RhodiumGroup / rhg_compute_tools

Tools for using compute.rhg.com and compute.impactlab.org
MIT License
1 stars 4 forks source link

add alternative combining methods to rct.xarray.*_from_delayed #85

Open bolliger32 opened 4 years ago

bolliger32 commented 4 years ago

Paraphrased from @delgadom in #84:

It would be cool to combine our *_from_delayed rhg_compute_tools.xarray functions with the new xarray combine functions so you could combine based on coords or auto-combine. or just drop the dataarray and dataset from delayed functions and just provide dataarrays and datasets functions and point the users to these concat functions.

Workflow would just be:

futures = [ ... ] # flat list of dataarray futures with arbitrary non-overlapping coordinate relationships da = xr.combine_by_coords(rhgx.dataarrays_from_delayed(futures))
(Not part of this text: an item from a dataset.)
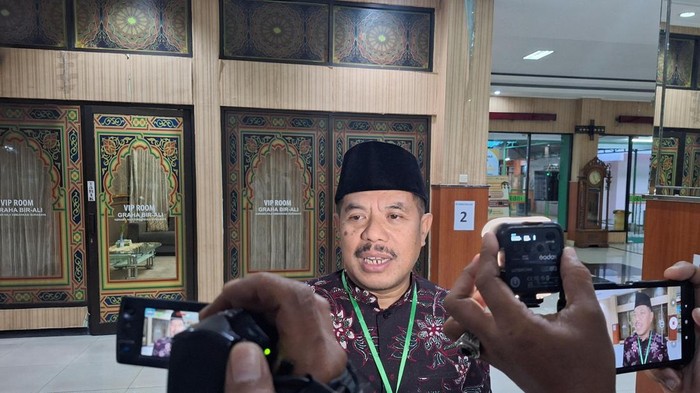 Pelaksana Harian (Plh) Sekretaris Panitia Pelaksana Ibadah Haji (PPIH) Embarkasi Surabaya Sugiyo.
futures = [[...], [...], ...] # nested list of datarrays with hierarchical structures da = xr.combine_nested(rhgx.dataarrays_from_delayed(futures))

or even, if you want terrible performance and just don't care...

futures = [ ... ] # ordered flat list of dataarray futures with overlapping coordinate relationships da = functools.reduce(lambda x, y: x.combine_first(y), rhgx.dataarrays_from_delayed(futures))

delgadom commented 4 years ago

Yeah, or just get people to use native xarray and drop the concat functions. Turning futures into lists of dask arrays is already a huge help and then getting people to combine these with xr concat tools is probably the best?

bolliger32 commented 4 years ago

yeah good point so maybe all that's needed is to remove the function that uses concat and add some hints/examples in the docstring of the functions that return a list of dask objects.